Le temps passe, j’ai noté la date dans un coin de mon esprit, mais d’autres choses m’occupent. Début septembre (six semaines avant la date prévue pour le salon), je recontacte l’organisatrice car je devrais commander des exemplaires auteur pour la manifestation si j’y ai ma place. Bonne nouvelle, je fais partie des auteurs retenus.
Ce sera mon premier salon comme auteure, et je n’en ai pas fait beaucoup comme lectrice.
La faute à une grande timidité, qui m’empêche parfois (souvent ?) d’aller vers les gens ou qui m’a fait acheter par le passé des livres (mais pas seulement) qui ne m’intéressaient pas forcément parce que l’auteur avait de l’aplomb et que je ne savais pas dire non. Avec les années, j’ai progressé, mais ça reste un exercice difficile. D’ailleurs, je me suis rendu compte qu’avoir la signature de quelqu’un que je ne connais pas sur un livre ou un disque me touche peu. Ce que j’attends, c’est une histoire, une aventure, un voyage avec les mots ou les notes. Pendant des années, j’ai donc flâné tranquillement dans les librairies ou les bibliothèques, à mon rythme.

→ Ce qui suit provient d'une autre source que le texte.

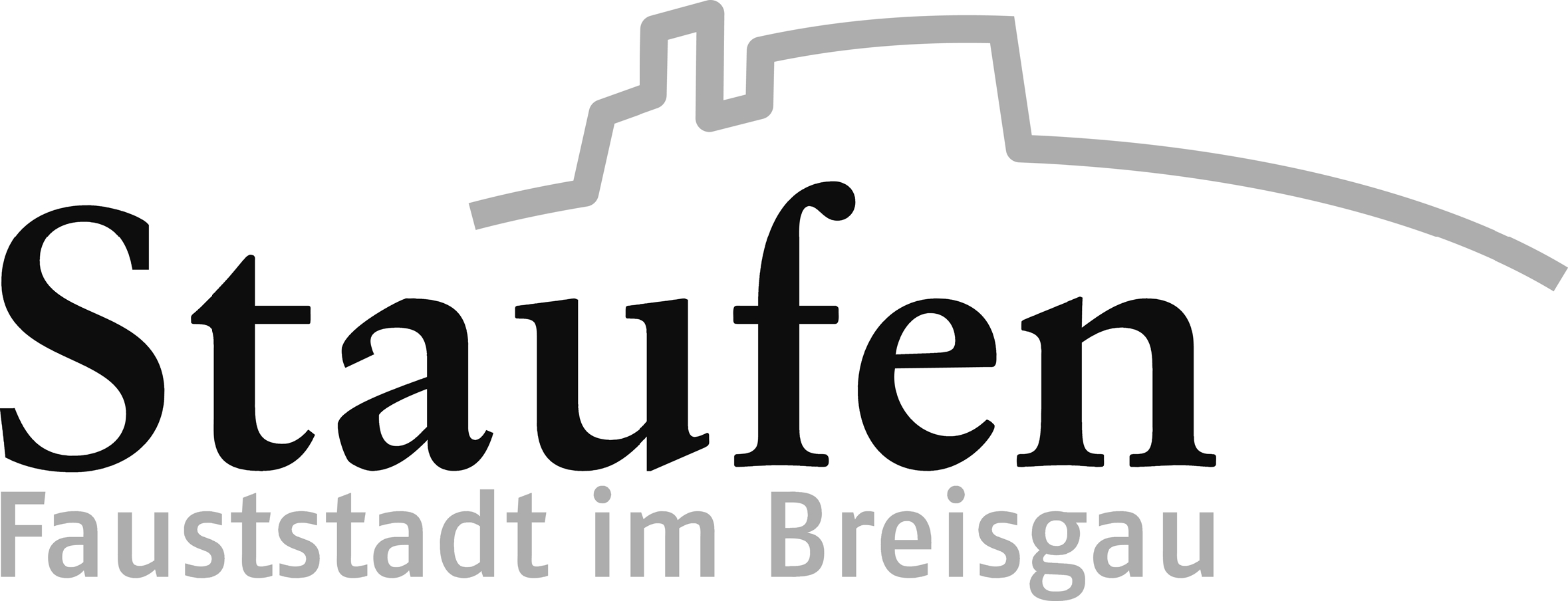 Stadt Staufen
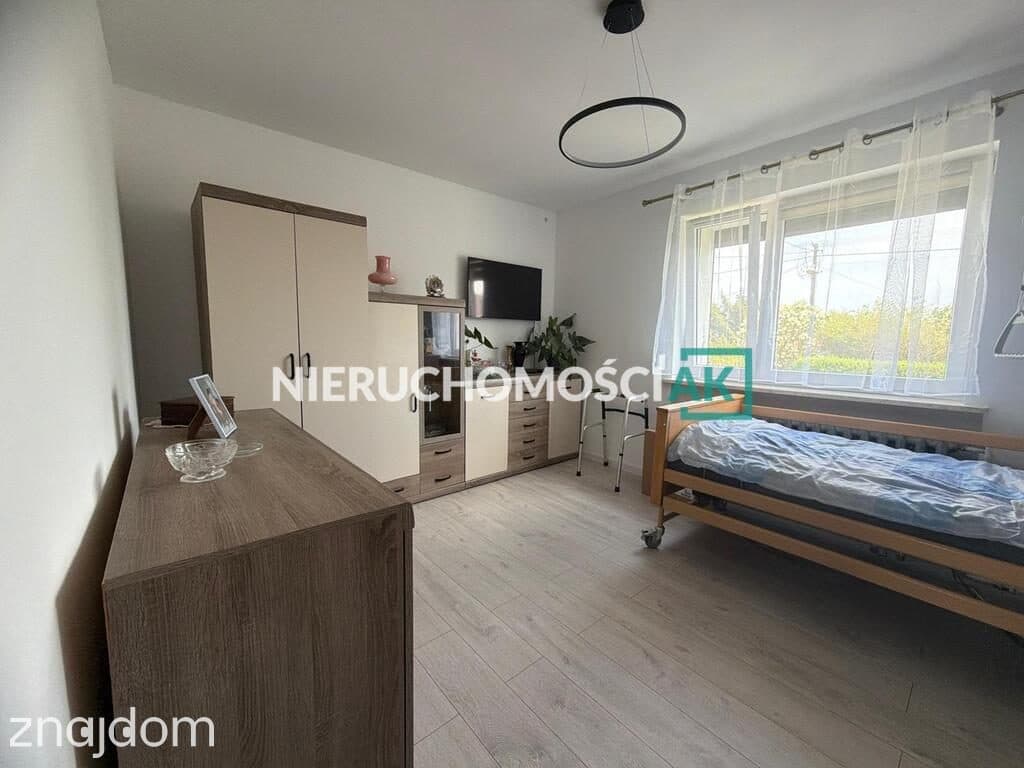 3-pokoje78,85m2+piwnica60m2+ogród520m2 - zdjęcie 14
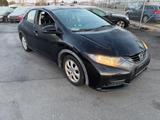 Honda Civic 2.2 i-DTEC Sport - Honda Civic: Sport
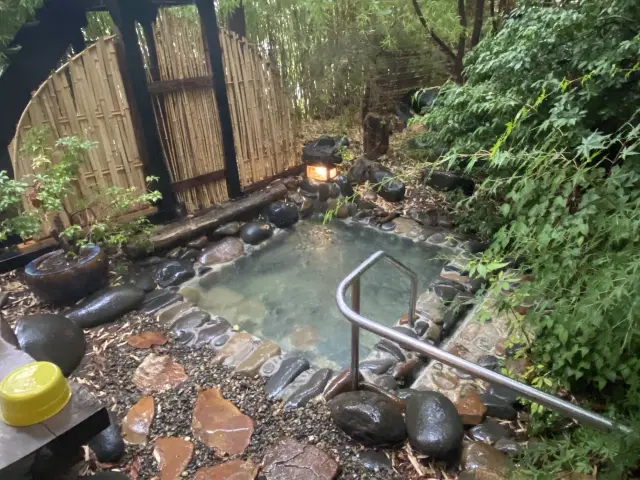 亀清旅館
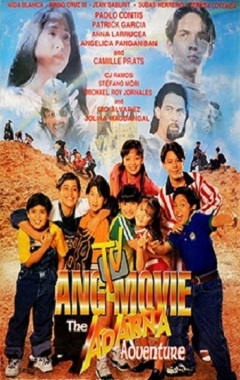 Pinoy Movie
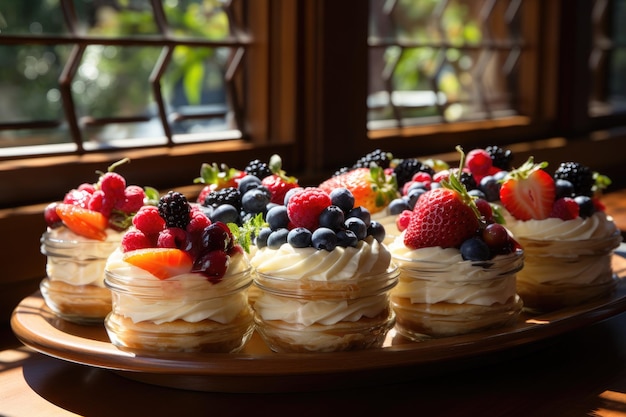 фото пирогов на кухонном столе профессиональная рекламная фотография еды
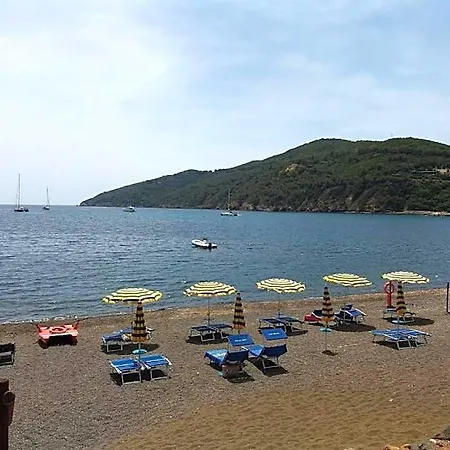 Hotel Casa Del Golfo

Pourtant, en septembre, je suis allée aux Aventuriales de Ménétrol, et mon avis a évolué. J’y ai rencontré beaucoup d’auteurs et d’éditeurs, dont les ouvrages ne sont pas forcément disponibles en librairie ou en bibliothèque. Et puis, finalement, des années de psychothérapie et de développement personnel ont porté leurs fruits. J’arrive à dire non plus facilement, et ça, c’est une grande victoire.
Je me prépare donc pour le salon. Passer de l’autre côté de la table est une aventure en soi. Imaginer ce qui peut intéresser les lecteurs potentiels, comment leur donner quelques informations pour qu’ils puissent se faire un avis sur le livre. Timide moi-même, j’ai pensé à ceux qui n’oseraient peut-être pas poser de questions. Et je savais aussi que je ne me transformerais pas en commerçante prête à arrêter les badauds par mon bagout d’un coup de baguette magique.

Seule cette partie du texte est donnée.